The United States Supreme did not include its decision overturning Roe v. Wade among its newest five opinions.
With only a few weeks remaining in the court’s current term, there had been speculation the landmark leaked opinion could be released on June 13.
Instead, the court published opinions on Kemp v. United States, Garland v. Gonzalez, Johnson v. Arteaga-Martinez, Denezpi v. United States, and ZF Automotive U. S., Inc. v. Luxshare, Ltd.
Two of the court’s rulings made it more difficult for national immigration law to be challenged by non-citizens.
In Johnson v. Arteaga-Martinez, the court unanimously ruled that the federal government does not need to offer a bond hearing after six months to certain immigrants who are being detained as part of the deportation process regardless of the amount of time they have been in custody. Justice Sonia Sotomayor authored the majority opinion.
Sotomayor wrote:
“The issue in this case is whether … the Government [is required] to offer detained noncitizens bond hearings after six months of detention in which the Government bears the burden of proving by clear and convincing evidence that a noncitizen poses a flight risk or a danger to the community. It does not. … On its face, the statute says nothing about bond hearings before immigration judges or burdens of proof, nor does it provide any other indication that such procedures are required. Faithfully applying our precedent, the Court can no more discern such requirements.”
The 6-3 ruling in Garland v. Gonzalez that a lower court overstepped the foundation of its authority by granting relief to the plaintiff in a class-action lawsuit that challenged the U.S. government’s practice of detaining immigrants for more than six months. Justice Samuel Alito authored the majority opinion, noting that awarding the injustice relief was “unlawful.” Sotomayor offered a partially concurring opinion and partially dissenting opinion and was joined by Justice Stephen Breyer and Justice Elena Kagan.

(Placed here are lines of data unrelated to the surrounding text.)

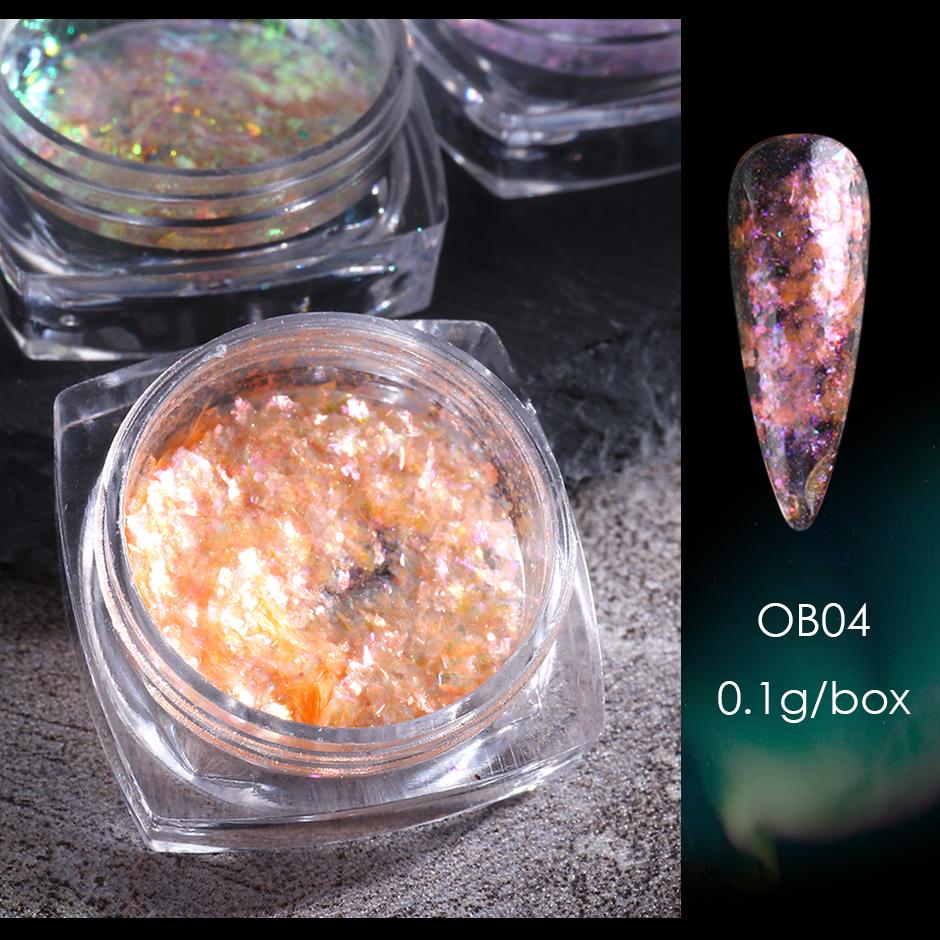 1 Box Aurora Opal Flakes Glittter Nail Sequins Sparkly Paillettes Nail Art Decoraiton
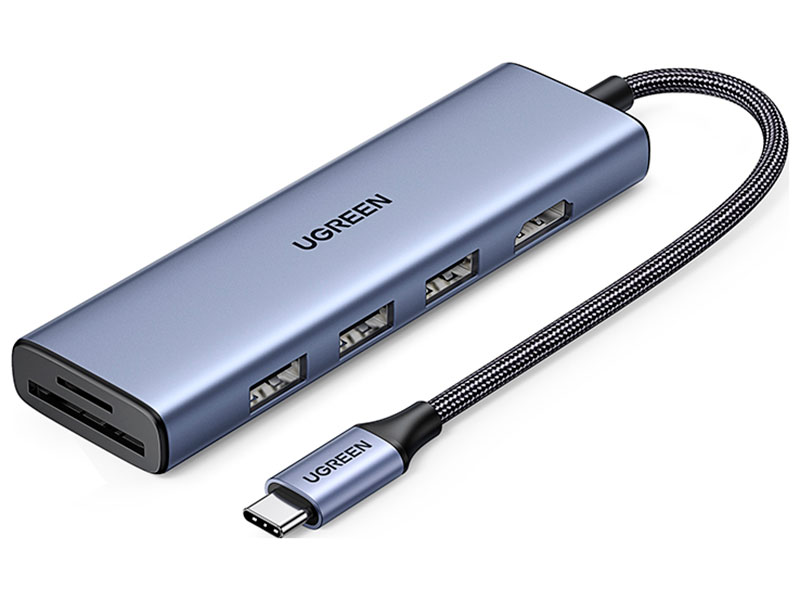 Изображение товара Адаптер Ugreen CM511 (20956A) Revodok 6-in-1, USB-C to HDMI, USB 3.0x3, SD/TF, серый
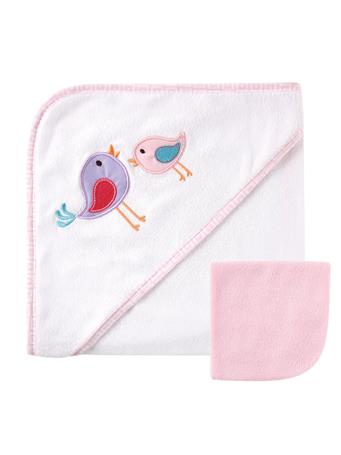 BABYVISION - Luvable Friends Hooded Towel And Washcloth PINK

The court also ruled 6-3 in Denezpi v. United States and agreed that Native Americans tried in certain tribal courts can be prosecuted for the same crime in federal court. The decision affirms a prior ruling issued in 1970.
According to Jurist, the court “held 8-1 in Kemp v. United States that the term ‘mistake’ in Federal Rule of Civil Procedure 60(b)(1) ‘includes a judge’s errors of law.’” The majority of judges rejected the plaintiff’s claim that the term included factual errors made by a party after he missed a filing deadline while trying to have his drug and firearms convictions overturned. Justice Neil Gorsuch was the lone dissenting vote.
Finally, the court considered a consolidated case involving two instances of foreign arbitration proceedings. In a unanimous decision, the justices wrote “[o]nly a governmental or intergovernmental adjudicative body constitutes a ‘foreign or international tribunal.’”
“Such bodies are those that exercise governmental authority conferred by one nation or multiple nations. Neither the private commercial arbitral panel in the first case nor the ad hoc arbitration panel in the second case qualifies,” stated the court’s opinion, written by justice Amy Coney Barrett.
Protestors had gathered outside the Supreme Court on June 13 in hopes of blocking the Justices from entering the building.
“We are in a crisis of democracy,” said ShutdownDC on its website, citing the leaked draft of the court’s decision in Dobbs v. Jackson Women’s Health. “Following decades of organizing by the far right, conservatives now hold a majority on the Supreme Court, and a group of five justices can roll back critical rights and protections that should be settled law.”
“Times of crisis can either be opportunities to break through the inertia and win transformational change or they can be opportunities for the establishment to further entrench the status quo,” the group added.
Although the group claims to have shut down business as usual at the court, the decisions were all released by noon.